Ugh. It gets worse too - Kendle self-styles his music as "intelligent new age", which is almost too obnoxious to bear, for innumerable reasons. Thankfully the music itself isn't quite that bad, at least when Kendle takes a trip through the outer rings in full on deep-space mode, as he does on the Deep Skies series of albums. This particular album is number three in that series, and it's getting reviewed entirely because I've already listened to the others in those strange, distant times before this blog existed.

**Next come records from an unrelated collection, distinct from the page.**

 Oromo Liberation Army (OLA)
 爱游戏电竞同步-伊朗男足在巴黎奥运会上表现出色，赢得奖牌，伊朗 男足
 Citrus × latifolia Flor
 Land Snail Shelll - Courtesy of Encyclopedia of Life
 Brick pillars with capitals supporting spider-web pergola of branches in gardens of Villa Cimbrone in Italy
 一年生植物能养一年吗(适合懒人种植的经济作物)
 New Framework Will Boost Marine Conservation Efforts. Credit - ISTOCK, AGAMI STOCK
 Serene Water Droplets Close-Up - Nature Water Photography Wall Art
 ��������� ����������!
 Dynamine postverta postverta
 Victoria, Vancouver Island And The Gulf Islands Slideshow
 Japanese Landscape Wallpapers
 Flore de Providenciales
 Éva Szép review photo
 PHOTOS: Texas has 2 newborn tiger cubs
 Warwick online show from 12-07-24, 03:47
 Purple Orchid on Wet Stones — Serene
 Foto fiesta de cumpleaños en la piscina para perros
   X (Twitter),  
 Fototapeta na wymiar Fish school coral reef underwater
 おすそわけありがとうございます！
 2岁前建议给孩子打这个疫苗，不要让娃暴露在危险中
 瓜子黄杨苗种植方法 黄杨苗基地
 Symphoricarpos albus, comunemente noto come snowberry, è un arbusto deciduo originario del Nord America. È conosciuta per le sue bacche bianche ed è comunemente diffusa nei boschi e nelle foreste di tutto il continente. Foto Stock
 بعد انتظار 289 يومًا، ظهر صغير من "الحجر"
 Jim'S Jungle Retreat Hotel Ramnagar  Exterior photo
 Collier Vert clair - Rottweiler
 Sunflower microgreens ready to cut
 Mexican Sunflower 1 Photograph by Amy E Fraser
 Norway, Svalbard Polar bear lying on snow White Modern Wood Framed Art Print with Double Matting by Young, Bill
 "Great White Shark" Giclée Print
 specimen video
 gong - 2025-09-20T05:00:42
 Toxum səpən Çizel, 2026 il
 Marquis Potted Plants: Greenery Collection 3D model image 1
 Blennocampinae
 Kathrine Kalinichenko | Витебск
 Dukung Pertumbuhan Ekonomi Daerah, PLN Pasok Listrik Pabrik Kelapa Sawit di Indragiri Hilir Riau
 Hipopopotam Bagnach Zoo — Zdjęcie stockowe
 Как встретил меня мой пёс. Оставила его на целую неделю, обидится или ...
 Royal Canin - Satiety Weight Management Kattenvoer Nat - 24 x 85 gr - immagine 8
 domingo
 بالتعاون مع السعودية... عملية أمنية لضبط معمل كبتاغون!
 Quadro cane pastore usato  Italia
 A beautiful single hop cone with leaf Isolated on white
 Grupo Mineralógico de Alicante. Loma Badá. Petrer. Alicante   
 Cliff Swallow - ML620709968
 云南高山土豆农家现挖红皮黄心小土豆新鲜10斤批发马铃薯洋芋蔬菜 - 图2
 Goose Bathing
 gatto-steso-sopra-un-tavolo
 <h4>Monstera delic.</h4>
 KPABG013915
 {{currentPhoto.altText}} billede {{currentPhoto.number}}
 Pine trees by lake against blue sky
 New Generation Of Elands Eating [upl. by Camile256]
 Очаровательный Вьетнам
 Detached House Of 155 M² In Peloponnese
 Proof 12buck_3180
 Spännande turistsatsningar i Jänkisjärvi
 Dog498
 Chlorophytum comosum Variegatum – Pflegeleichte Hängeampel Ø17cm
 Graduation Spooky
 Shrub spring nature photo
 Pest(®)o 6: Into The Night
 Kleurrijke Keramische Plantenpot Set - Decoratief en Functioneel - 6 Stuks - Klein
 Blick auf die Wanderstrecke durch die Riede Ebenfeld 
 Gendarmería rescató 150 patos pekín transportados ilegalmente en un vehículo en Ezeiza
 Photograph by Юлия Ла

The bulk of this album sounds a lot like the music of Andrew Lahiff, who I reviewed recently in a blog entry that contains all the useful insight that would otherwise go into this one. And as I said in that review, there's a whole galaxy of almost identical sounding music being made out there. True, Kendle occasionally busts out a few guitars and arpeggio riffs and goes into washed out space-rock mode, as on opener Dance Of Electra, but there's absolutely nothing here that has moved the genre on in any significant sense since Jean Michel Jarre's Oxygene album, and that was made in 1976!

Anyway, I'm not going to waste our mutual time by over-detailing this: lots of thick pads, lots of wibbly-wobbly spacey sounds, pretty much the most stereotypical approximation of ambient music imaginable. Nice to listen to in the background, nice to fall asleep to, even nice to bust out a bit of aromatherapy, apparently. Functional music, little more.